Tuesday, May 03, 2005

"Single and Hoooorny"

I have had AOL since I was in high school (that's a long time ago). While AOL does, at times, bring with it some major frustrations, it has been a comfort to me to have a way that people can reach me that has not changed in ten years, since my phone numbers change all the time.

Several years ago I fell for a trick that someone used to get my password and hack into my account. I received an email that said something like "You have been sent a cupid note from your secret admirer. Follow this link to retrieve this message."

So, ummm, of course I did it (Secret admirer??!! What? Me?) and then when they asked for my password to verify that it was for me (well, I wouldn't want anyone else to get a secret love note meant for ME!) nothing happened. Ahh well, I figured, secrets don't make friends anyhow.

Well, several days later my AOL account was shut down. I called AOL in a panic when I realized this had happened -- everything was fine with the billing, so why now this freeze!? -- and they told me I had been spamming people with porn for several days. Or rather, my email account had. Sure enough, I opened my sent mailbox and the subject list was a mile long:
"Hot Asian Sluts Want to Talk to you..." and the like.

Oops.

I fixed things up with AOL, changed my password, and my account was restored.

But human vanity is an amazing thing.

A couple of years later, I got an email saying, "Someone has taken pictures of you! They would like you to retrieve them, follow this link..."

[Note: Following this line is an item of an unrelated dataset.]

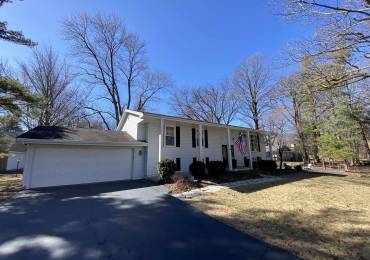 6109 WICKWOOD Road, Peoria, Illinois, 4 Bedrooms Bedrooms, ,2 BathroomsBathrooms,Residential,For Sale,WICKWOOD,RMAPA1256434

Well, you know the deal. Sure enough, within minutes I was spamming everybody about "Sexy Naked Co-eds Cumming to you Live from their Web-Cams..." You'd think I would have learned.

Anyhow, we fixed it up again, and only later did I learn from someone that in the process of being taken over by porn spammers, my profile had been changed. So my AOL member listing now reads:

Location: All over the internet
Marital Status: Single and hooorny
Hobbies & Interests: All of us girls are in college, and need cash
Favorite Gadgets: Webcam! Please signup at our site and we do whatever you want
Occupation: Gettin crazy online. Live for you. Get to know me
Personal Quote: We are becomin famous. You gotta try us out Right here Right now

People have mentioned it awkwardly a few time, "Ummm, S, you do know what it says on your profile, right...?" and I keep meaning to change it.

Truth be told though, it makes me sound so much more exciting than I really am.